## Exercise directions
Would you give the listing again exactly, without its images?

◆ ◆ ◆ ◆

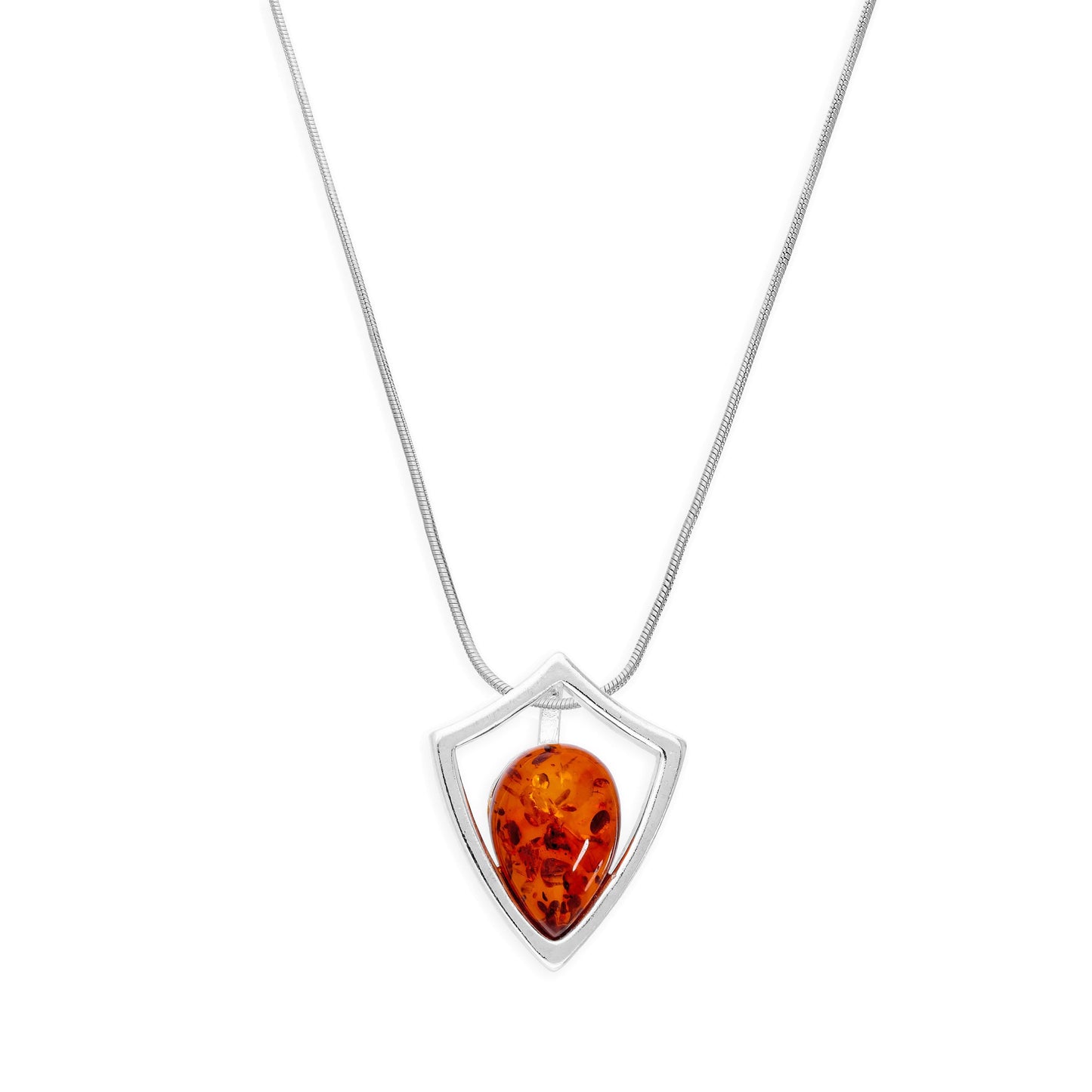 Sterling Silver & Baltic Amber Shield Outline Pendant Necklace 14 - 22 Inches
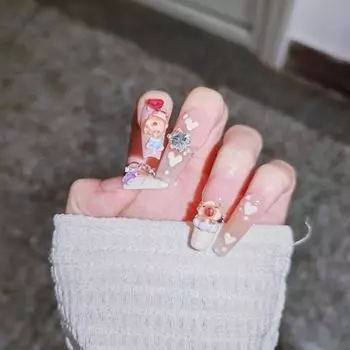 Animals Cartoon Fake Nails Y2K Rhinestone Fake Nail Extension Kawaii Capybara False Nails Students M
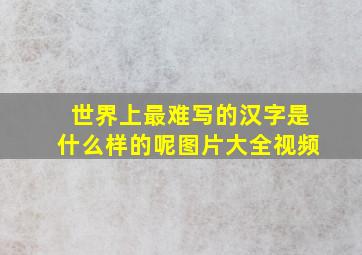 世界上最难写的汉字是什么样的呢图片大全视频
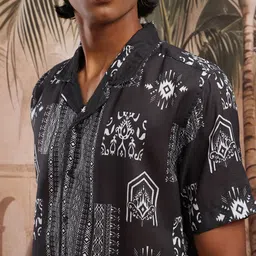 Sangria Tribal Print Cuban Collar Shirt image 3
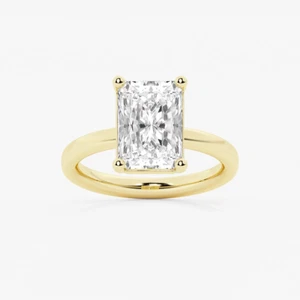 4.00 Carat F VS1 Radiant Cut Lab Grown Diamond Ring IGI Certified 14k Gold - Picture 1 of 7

◆ ◆ ◆ ◆

## Exercise result
 Sterling Silver & Baltic Amber Shield Outline Pendant Necklace 14 - 22 Inches
 Animals Cartoon Fake Nails Y2K Rhinestone Fake Nail Extension Kawaii Capybara False Nails Students M
 世界上最难写的汉字是什么样的呢图片大全视频
 Sangria Tribal Print Cuban Collar Shirt image 3
 4.00 Carat F VS1 Radiant Cut Lab Grown Diamond Ring IGI Certified 14k Gold - Picture 1 of 7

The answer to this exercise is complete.